In part 2 of this series, we reviewed the application of the Marketable Title Act (MTA) in a 1982 case involving a severed mineral interest and two independent chains of title. The Ohio courts appeared to struggle with the application of the MTA to the facts of that case. Courts and legislatures in neighboring states also struggled with how to handle dormant severed minerals. Those states’ case law and statutes played a role in the formulation of the Ohio Dormant Minerals Act, which was enacted in 1989 as part of the MTA. Examples of such influential laws and cases from Illinois and Indiana follow.

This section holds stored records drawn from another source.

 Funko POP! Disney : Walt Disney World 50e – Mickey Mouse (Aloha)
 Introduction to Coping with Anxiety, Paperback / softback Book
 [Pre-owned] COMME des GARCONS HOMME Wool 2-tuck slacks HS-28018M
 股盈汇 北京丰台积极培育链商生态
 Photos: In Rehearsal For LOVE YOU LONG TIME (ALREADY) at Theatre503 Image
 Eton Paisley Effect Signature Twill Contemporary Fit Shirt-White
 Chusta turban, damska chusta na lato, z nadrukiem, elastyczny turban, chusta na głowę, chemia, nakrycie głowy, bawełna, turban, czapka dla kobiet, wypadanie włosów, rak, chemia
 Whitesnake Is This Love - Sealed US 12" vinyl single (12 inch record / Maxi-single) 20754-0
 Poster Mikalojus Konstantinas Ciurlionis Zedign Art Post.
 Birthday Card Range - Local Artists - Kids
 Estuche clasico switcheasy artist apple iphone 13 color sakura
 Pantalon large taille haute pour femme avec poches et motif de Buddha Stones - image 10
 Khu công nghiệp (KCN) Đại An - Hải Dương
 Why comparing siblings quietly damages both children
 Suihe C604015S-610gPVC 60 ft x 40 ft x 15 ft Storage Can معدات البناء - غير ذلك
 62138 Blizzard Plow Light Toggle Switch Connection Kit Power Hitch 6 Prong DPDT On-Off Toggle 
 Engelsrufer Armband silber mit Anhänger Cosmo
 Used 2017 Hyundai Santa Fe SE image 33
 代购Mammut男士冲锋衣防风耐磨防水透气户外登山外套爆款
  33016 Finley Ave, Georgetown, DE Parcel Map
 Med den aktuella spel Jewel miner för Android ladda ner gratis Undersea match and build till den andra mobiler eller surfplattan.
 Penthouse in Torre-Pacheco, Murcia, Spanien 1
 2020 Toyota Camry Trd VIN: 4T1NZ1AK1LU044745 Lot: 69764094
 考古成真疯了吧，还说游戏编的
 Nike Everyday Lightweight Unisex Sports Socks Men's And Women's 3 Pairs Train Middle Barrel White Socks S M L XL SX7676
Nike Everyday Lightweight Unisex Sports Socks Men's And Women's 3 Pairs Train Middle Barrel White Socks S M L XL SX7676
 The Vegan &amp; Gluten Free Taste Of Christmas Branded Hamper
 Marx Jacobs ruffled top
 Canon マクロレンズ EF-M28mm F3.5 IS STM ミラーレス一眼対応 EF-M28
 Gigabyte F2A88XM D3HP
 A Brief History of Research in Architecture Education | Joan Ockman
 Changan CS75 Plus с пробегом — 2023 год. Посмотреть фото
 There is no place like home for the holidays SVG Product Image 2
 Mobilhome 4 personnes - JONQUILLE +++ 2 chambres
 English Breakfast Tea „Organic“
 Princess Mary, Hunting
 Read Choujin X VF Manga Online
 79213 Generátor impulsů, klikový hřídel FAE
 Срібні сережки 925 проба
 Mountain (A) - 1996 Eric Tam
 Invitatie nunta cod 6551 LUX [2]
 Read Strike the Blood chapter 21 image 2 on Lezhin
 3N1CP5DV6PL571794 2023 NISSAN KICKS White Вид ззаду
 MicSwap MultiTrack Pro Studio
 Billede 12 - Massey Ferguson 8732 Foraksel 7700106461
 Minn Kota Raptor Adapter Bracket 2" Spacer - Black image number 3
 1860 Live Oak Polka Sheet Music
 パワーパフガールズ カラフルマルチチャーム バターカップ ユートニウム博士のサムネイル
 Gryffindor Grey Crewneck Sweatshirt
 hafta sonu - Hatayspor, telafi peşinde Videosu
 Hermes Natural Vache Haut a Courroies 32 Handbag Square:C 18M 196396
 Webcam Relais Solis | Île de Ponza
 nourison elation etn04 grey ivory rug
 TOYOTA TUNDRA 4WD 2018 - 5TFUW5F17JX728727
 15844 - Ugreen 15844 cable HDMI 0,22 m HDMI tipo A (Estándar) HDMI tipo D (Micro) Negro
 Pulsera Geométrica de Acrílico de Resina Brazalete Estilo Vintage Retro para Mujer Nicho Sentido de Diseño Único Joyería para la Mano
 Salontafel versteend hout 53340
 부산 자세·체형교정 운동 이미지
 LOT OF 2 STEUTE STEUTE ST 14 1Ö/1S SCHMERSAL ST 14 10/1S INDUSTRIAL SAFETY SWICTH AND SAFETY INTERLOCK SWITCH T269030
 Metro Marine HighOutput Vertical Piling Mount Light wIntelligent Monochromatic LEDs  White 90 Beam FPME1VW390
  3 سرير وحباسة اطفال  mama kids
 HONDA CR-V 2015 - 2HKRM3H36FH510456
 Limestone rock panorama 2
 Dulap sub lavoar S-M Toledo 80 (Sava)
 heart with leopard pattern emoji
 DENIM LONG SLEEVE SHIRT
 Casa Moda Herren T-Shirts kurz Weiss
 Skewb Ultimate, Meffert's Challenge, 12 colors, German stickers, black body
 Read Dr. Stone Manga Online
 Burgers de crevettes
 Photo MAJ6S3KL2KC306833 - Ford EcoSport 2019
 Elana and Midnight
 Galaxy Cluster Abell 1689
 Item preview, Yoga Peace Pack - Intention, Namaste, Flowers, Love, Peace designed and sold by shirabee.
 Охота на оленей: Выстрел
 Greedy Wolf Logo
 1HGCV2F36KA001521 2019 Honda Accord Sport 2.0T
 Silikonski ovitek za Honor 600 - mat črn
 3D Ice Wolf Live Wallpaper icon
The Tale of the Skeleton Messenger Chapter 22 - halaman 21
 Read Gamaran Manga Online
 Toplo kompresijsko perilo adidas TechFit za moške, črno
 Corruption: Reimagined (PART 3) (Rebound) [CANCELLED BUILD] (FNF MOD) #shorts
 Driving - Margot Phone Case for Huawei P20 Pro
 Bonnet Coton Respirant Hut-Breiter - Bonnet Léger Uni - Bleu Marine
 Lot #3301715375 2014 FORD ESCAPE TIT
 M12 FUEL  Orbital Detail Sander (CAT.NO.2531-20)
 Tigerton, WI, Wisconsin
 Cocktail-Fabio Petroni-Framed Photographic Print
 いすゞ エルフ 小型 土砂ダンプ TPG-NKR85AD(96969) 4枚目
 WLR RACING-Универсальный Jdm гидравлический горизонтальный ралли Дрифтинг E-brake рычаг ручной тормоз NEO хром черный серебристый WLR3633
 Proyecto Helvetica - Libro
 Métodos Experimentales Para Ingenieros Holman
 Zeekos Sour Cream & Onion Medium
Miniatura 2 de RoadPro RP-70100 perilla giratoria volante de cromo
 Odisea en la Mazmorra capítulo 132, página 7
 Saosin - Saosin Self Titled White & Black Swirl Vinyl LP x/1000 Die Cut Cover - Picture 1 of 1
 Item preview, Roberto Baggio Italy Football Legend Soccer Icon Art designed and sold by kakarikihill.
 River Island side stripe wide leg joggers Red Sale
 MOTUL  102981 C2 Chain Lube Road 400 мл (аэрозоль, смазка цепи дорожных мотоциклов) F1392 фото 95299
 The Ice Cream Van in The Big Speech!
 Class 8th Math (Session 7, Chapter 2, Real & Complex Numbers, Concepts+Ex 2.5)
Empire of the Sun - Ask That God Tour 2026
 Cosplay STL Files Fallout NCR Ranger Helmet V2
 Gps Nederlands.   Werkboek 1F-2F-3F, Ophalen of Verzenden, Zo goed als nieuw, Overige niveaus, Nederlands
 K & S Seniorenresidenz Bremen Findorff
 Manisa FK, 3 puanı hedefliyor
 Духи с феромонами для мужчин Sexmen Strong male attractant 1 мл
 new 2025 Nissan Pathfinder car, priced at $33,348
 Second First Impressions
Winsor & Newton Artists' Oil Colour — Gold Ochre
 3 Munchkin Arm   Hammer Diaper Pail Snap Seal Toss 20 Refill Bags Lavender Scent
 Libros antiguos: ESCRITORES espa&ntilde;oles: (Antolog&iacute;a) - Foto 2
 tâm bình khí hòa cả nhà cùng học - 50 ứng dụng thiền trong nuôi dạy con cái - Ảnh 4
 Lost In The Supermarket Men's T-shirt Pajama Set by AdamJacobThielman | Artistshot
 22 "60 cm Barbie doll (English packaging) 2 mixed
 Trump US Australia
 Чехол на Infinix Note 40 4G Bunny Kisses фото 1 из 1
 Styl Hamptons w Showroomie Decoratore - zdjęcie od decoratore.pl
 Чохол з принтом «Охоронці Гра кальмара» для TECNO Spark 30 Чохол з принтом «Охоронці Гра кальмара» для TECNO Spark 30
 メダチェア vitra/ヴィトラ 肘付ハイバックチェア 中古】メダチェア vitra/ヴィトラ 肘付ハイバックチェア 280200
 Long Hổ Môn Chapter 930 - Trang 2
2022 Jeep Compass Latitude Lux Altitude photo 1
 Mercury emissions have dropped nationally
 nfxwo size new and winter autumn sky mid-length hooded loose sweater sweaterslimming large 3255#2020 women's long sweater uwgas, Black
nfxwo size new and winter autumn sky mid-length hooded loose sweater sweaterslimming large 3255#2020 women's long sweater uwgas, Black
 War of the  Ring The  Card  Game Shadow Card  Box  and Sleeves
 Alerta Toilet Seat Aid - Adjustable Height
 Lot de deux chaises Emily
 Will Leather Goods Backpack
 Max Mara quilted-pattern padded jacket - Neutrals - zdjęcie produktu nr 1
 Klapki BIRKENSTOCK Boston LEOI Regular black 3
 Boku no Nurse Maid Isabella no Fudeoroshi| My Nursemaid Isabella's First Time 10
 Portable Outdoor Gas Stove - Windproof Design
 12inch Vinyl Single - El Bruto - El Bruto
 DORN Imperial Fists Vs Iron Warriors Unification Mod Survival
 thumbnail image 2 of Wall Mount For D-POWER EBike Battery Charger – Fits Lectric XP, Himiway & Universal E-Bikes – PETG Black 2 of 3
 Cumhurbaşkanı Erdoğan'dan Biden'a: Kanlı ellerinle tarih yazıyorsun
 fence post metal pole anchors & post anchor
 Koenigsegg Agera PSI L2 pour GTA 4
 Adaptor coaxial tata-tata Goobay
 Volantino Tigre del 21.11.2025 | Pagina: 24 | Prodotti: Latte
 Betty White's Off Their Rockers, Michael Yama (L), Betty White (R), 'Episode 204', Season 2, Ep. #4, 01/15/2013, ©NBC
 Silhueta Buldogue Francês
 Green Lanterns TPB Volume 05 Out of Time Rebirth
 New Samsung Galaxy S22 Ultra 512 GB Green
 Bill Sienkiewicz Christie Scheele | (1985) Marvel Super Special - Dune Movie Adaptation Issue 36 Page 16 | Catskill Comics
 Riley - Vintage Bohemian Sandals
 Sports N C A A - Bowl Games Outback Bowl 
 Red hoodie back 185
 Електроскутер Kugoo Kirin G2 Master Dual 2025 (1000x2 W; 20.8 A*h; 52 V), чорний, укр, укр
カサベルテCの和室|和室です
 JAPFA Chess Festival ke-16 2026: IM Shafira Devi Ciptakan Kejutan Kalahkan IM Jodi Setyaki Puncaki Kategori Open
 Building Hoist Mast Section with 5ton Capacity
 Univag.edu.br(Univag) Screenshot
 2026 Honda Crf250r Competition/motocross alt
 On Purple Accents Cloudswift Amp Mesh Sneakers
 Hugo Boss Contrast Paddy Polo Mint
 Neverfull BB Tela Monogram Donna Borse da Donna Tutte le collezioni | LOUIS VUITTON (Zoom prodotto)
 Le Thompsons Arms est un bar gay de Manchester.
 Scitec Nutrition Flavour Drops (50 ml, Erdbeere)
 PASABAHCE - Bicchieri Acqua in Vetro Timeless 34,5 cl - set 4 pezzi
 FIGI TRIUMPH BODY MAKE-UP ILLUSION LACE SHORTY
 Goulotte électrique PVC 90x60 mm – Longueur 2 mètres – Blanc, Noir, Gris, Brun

Illinois DMA held unconstitutional in 19801
In Illinois, at common law, once a mineral estate has been severed from the surface estate, it cannot be terminated by mere nonuse or abandonment. Uphoff v Trustees of Tufts College, 351 Ill 146, 155, 184 NE 213, 216 (Ill 1932). Thus, mineral interests can lie dormant, even through several transfers of title. This situation, over time, can result in missing or unknown owners. The difficulty in ascertaining and locating severed mineral owners had a substantial deterrent effect on would-be gas and oil developers.
The Illinois legislature responded by enacting the Dormant Mineral Interests Act in 1969. The act was intended to facilitate development of dormant oil and gas interests by permitting consolidation of mineral ownership in one person in instances where it had formerly been diffused among many unknown or missing persons. The act provided that unless an individual duly recorded his interest, his failure to actually produce oil or gas in any 25-year period created a presumption of abandonment. There was great uncertainty among oil and gas title examiners regarding the act’s validity because, at common law, abandonment required both intent to abandon and an affirmative act of relinquishment. Furthermore, the act did not require entities who sought a ruling of abandonment to give unknown mineral owners notice or an opportunity to be heard.